◆ **What you need to do**
With the pictures omitted, print exactly the lines below, from the one containing "Casa de 4 habitaciones, Saltillo" through the one containing "Personalized Grandpa Shirt, Grandpa", and nothing else.

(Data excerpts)
----

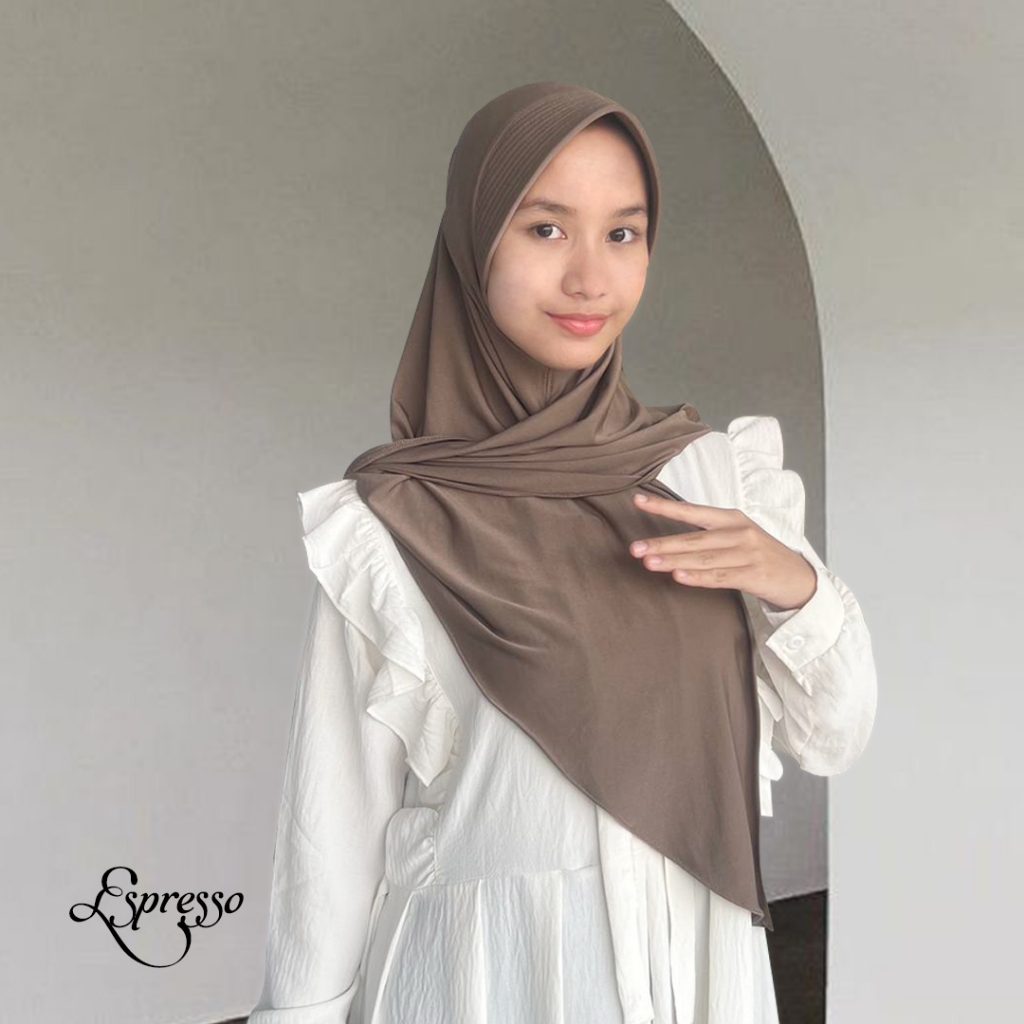 Kerudung Instan Segitiga/Jilbab Segitiga Instan/Hijab Segitiga Instan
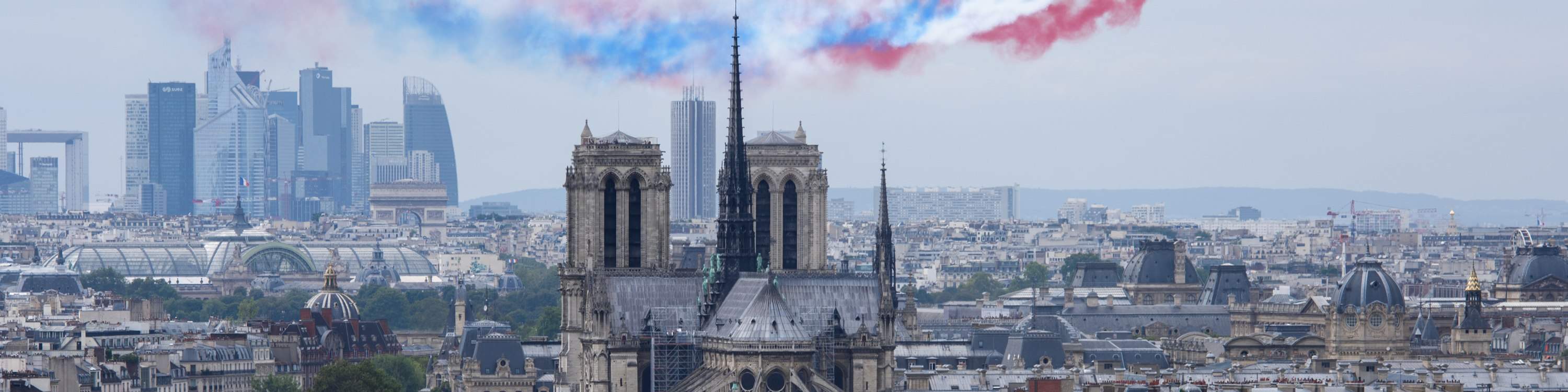 Crociera con cena a 3 portate sulla Senna da Parigi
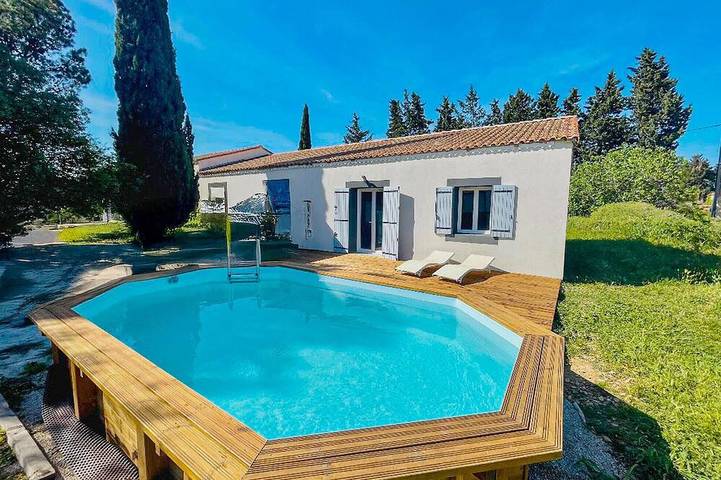 Location de vacances pour 2 personnes, animaux acceptés à Arles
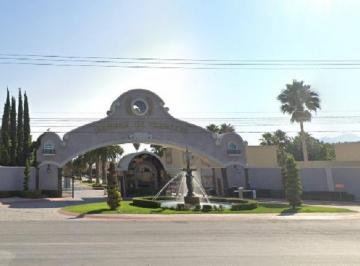 Casa de 4 habitaciones, Saltillo · Agradable Casa Amueblada en Venta con Espacios Únicos.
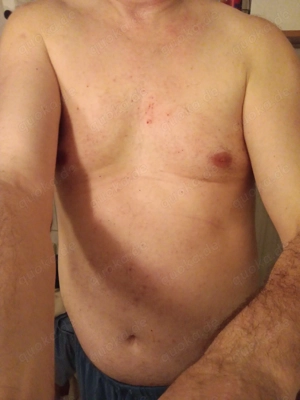 Paar mit Lust auf sinnliche Spiel zu dritt gesucht Aufgepasst nur Besucher!!!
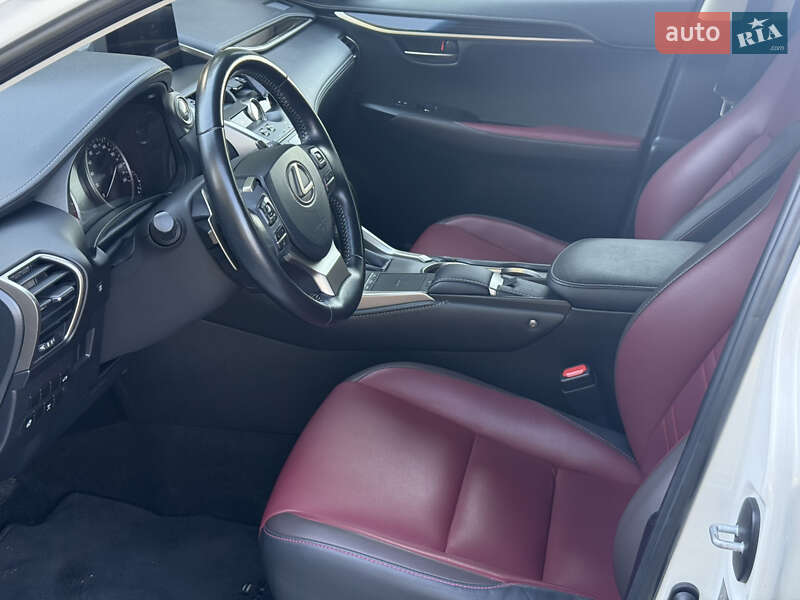 Внедорожник / Кроссовер Lexus NX 2018 в Днепре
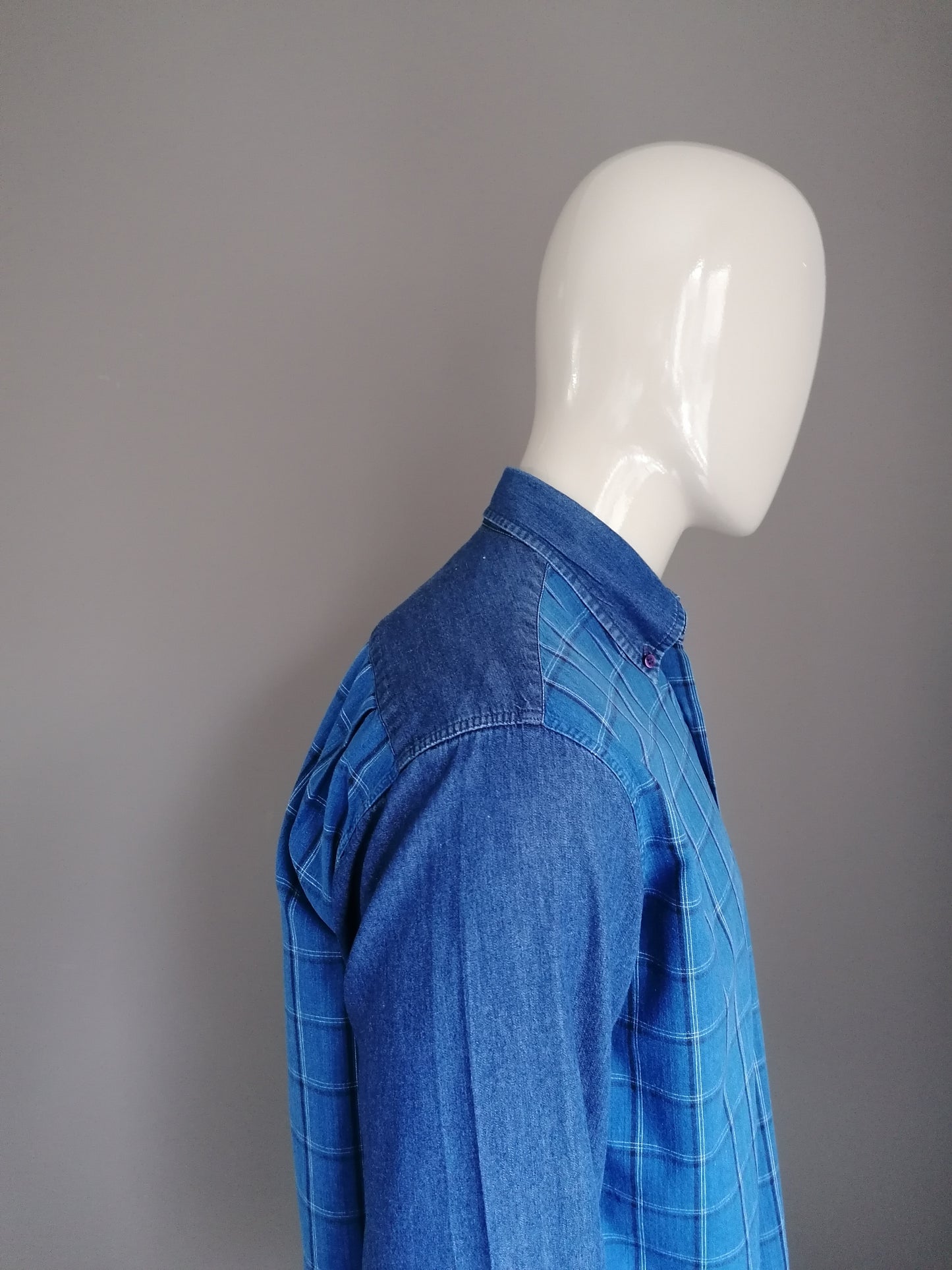 Galeries Lafayette Shirt. Motif de damier bleu. Taille M.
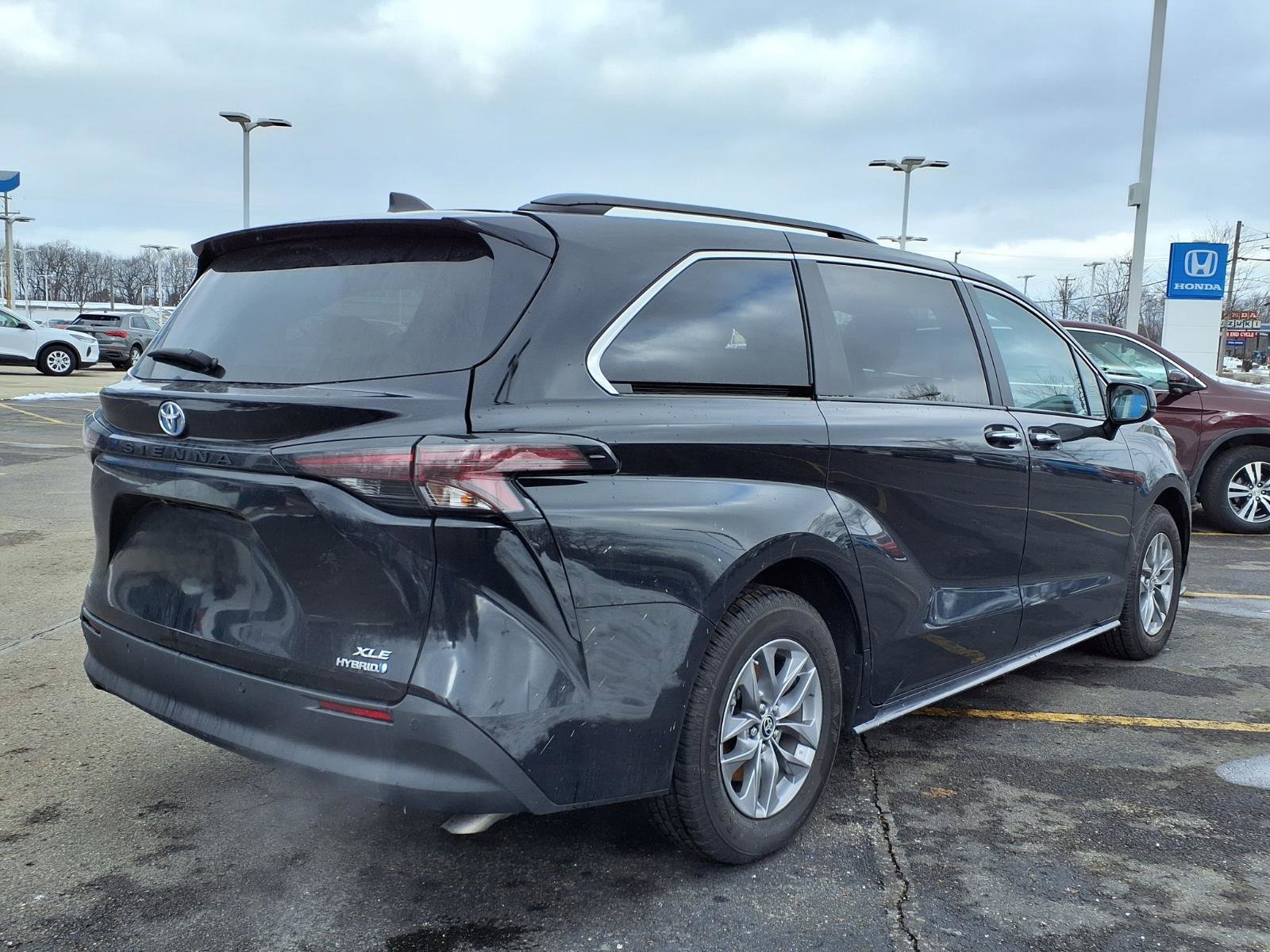 Used 2024 Toyota Sienna XLE image 11
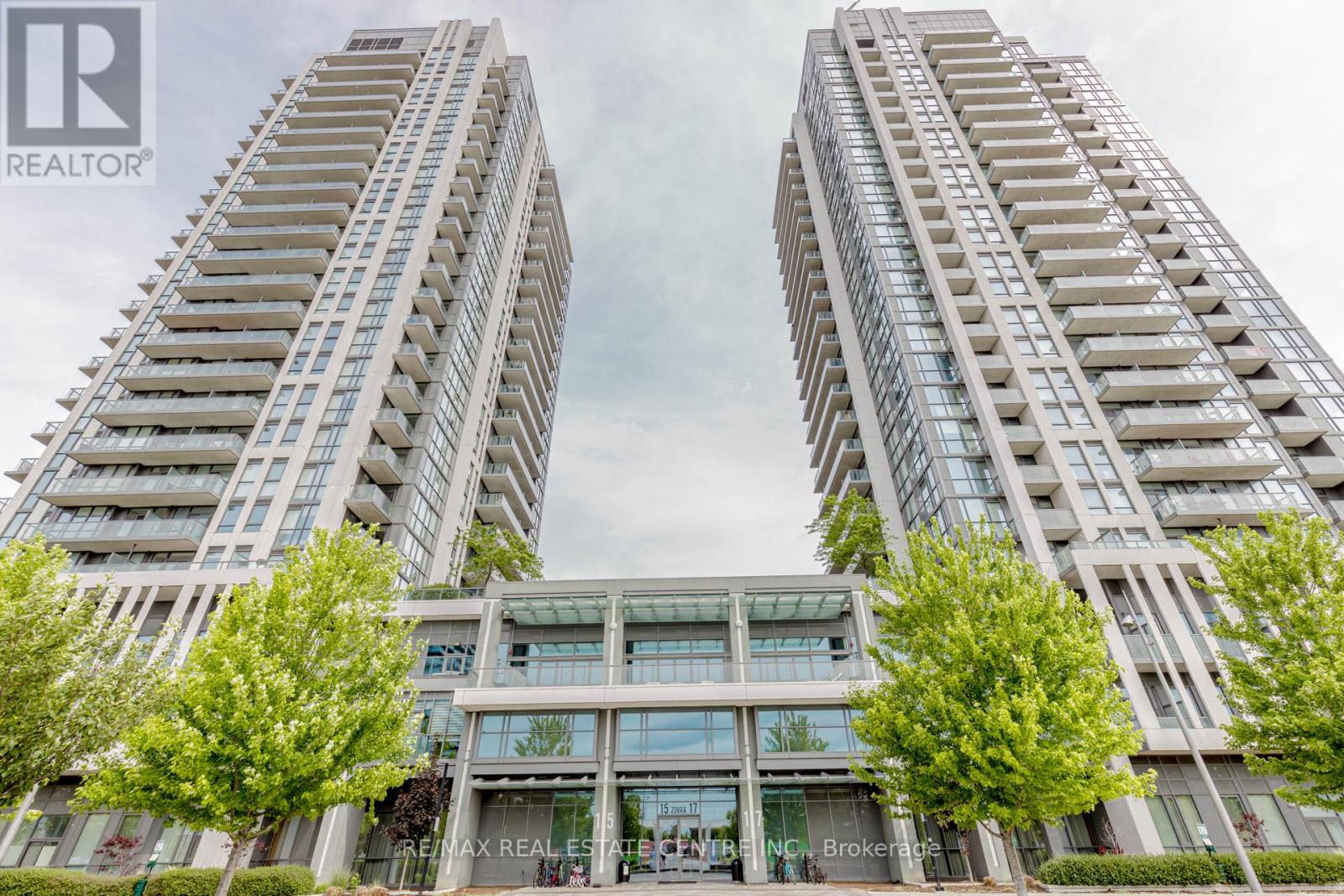 506 15 Zorra St, Toronto, ON M8Z 0C1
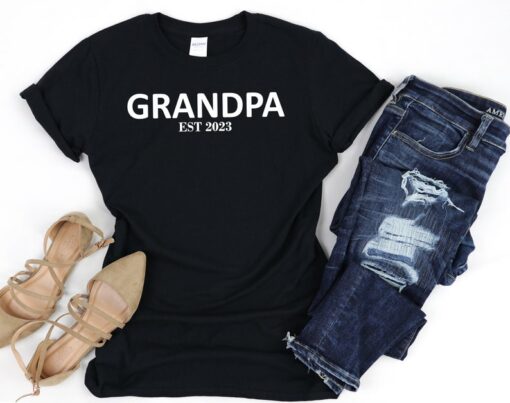 Personalized Grandpa Shirt, Grandpa Est 2023 T-Shirt, New Grandpa Tee, Gift for Grandpa, Fathers Day Gift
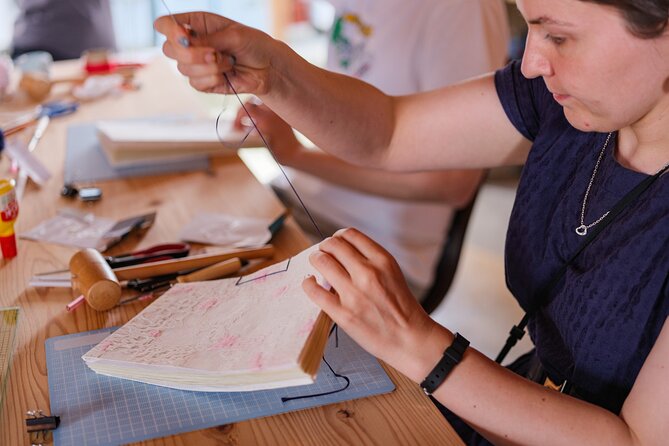 Local Washi and Paper Craft Cycling Tour in Uchiko Town - Discover Uchiko’s Artistic Heart on a Washi and Paper Craft Cycling Tour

----

◆ **Result for this task**
 Casa de 4 habitaciones, Saltillo · Agradable Casa Amueblada en Venta con Espacios Únicos.
 Paar mit Lust auf sinnliche Spiel zu dritt gesucht Aufgepasst nur Besucher!!!
 Внедорожник / Кроссовер Lexus NX 2018 в Днепре
 Galeries Lafayette Shirt. Motif de damier bleu. Taille M.
 Used 2024 Toyota Sienna XLE image 11
 506 15 Zorra St, Toronto, ON M8Z 0C1
 Personalized Grandpa Shirt, Grandpa Est 2023 T-Shirt, New Grandpa Tee, Gift for Grandpa, Fathers Day Gift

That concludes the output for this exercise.